‘It puts us at a disadvantage’: Fashion students grapple with online classes, lack of resources

This article is part of the Chronicle’s series “Difficult to Transfer” in which we explore how departments are transitioning arts-based courses online due to the coronavirus, or COVID-19, pandemic.

Shane Tolentino

When the college announced all classes would transition online in the wake of the coronavirus pandemic, faculty in the Fashion Studies Department had a question: How do you teach fashion design courses without sewing machines?

Colbey Reid, chair of the Fashion Studies Department, said the department sent out a virtual poll—that received 77 responses of the 150 students enrolled in courses using sewing machines that it was sent to—in order to see who needed equipment when classes went remote.

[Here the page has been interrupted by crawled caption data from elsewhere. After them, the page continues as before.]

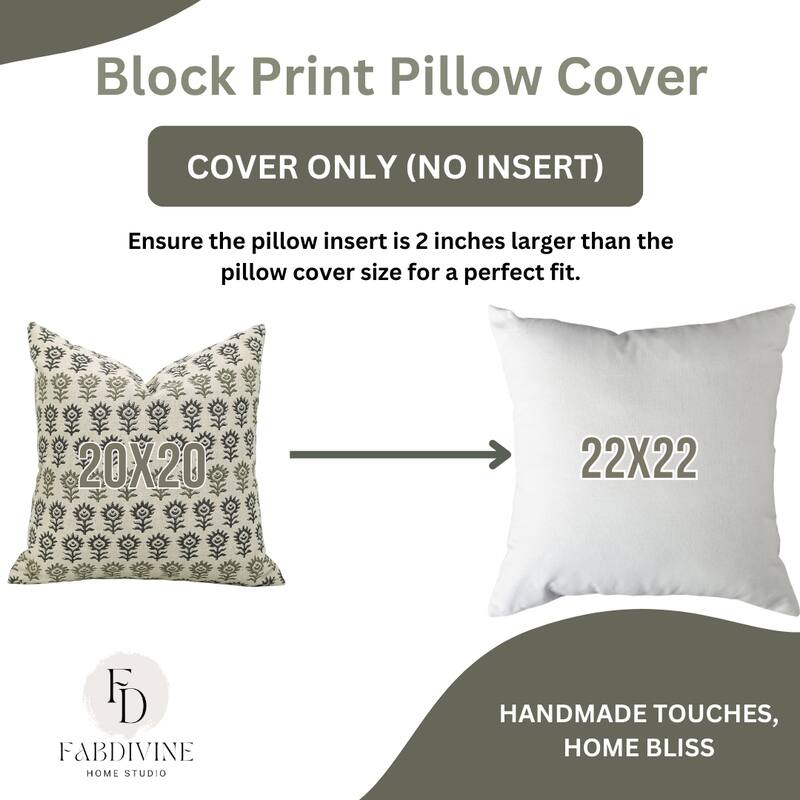 Fabdivine Polka Dots Grey Pure Linen Cushion Cover Soft, 12x20 Inches Handmade Block Print Bedroom or Farmhouse Décor, Shivri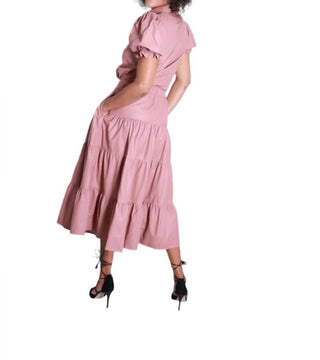 Easel - Shelia's Faux Leather Boho Tiered Maxi Skirt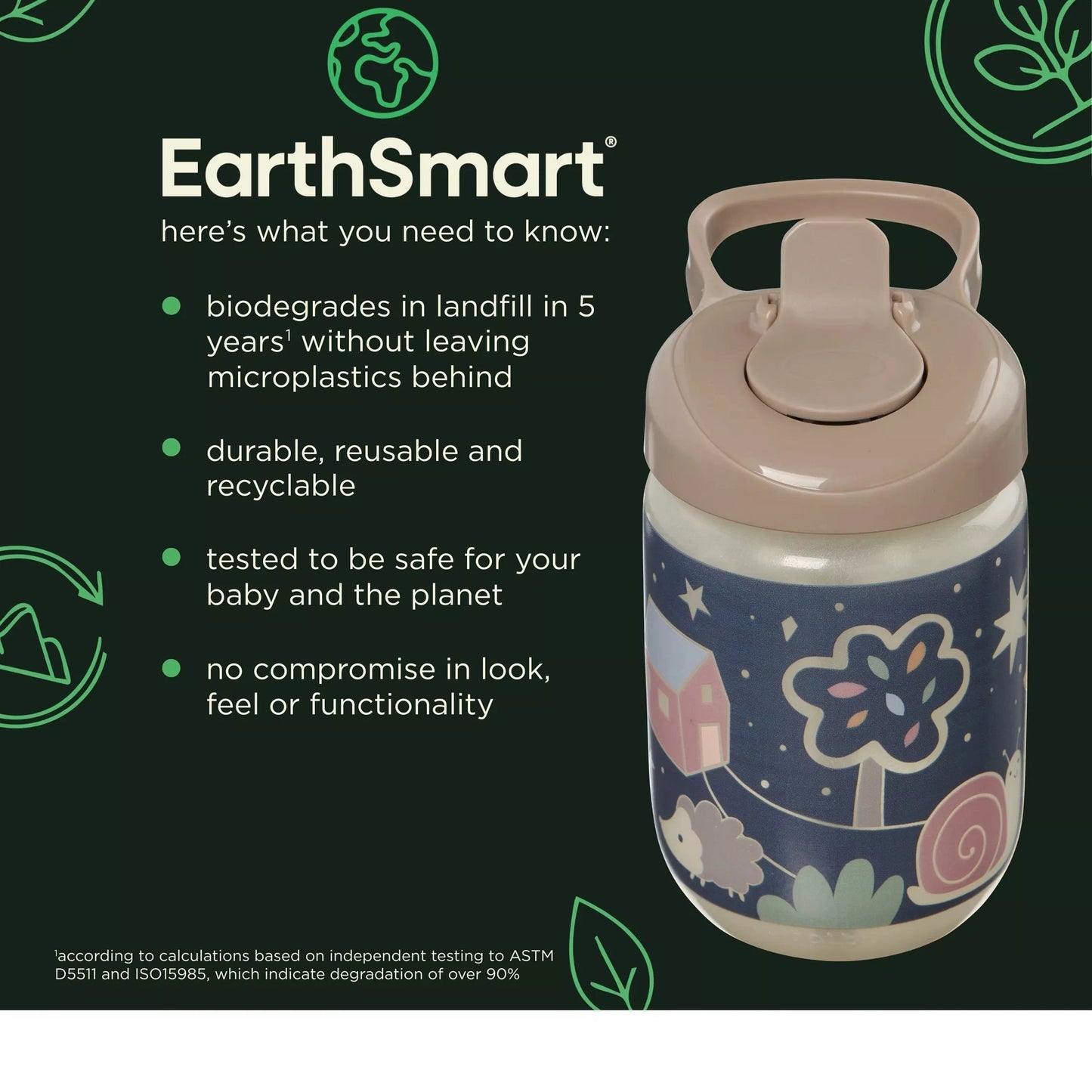 Vital Baby Hydrate sippy straw 350ml - woodland glow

Reid said because the number of students in need was low, the college was able to ship the sewing machines temporarily to students in need using grant funds.

Christina Dababneh, a senior fashion design major, was one of 29 students in the department who needed a sewing machine in order to complete work for classes.

Dababneh is using the sewing machine she received to complete designs for her “Senior Thesis I” class. She said she can create four of the five pieces she initially planned but will not be able to produce her “finale” because she cannot purchase the correct fabric due to non-essential store closures. The college offers “scrap fabric” for students to use, but Dababneh said students typically purchase their own fabric for projects.

The five looks were set to make an appearance during the Manifest fashion show, but that has since been transitioned online, as well.

Reid said the college is considering alternate fashion show options such as hosting the show next semester or bringing back students in the “Senior Thesis” class, but she said it would depend on the state of the pandemic.

“All these things that were supposed to happen in the next two months were going to be the star players in our portfolio, and now we don’t have them,” Dababneh said. “When we enter the job industry, people who have the ability to have their shows and photoshoots earlier on will be ahead of the game. It puts us at a disadvantage to not have a completed collection.”

In a collegewide email sent Tuesday, April 14, President and CEO Kwang-Wu Kim said it is inevitable that over the next few weeks not everything will work as well as the college hopes, and adjustments will need to be made “on the fly.”

Reid understands students’ frustrations but said classes will have to be different, adding that “in life, we constantly sign up for things and discover they are not the same thing.”

Reid said no classes within the department were discontinued in the online transition.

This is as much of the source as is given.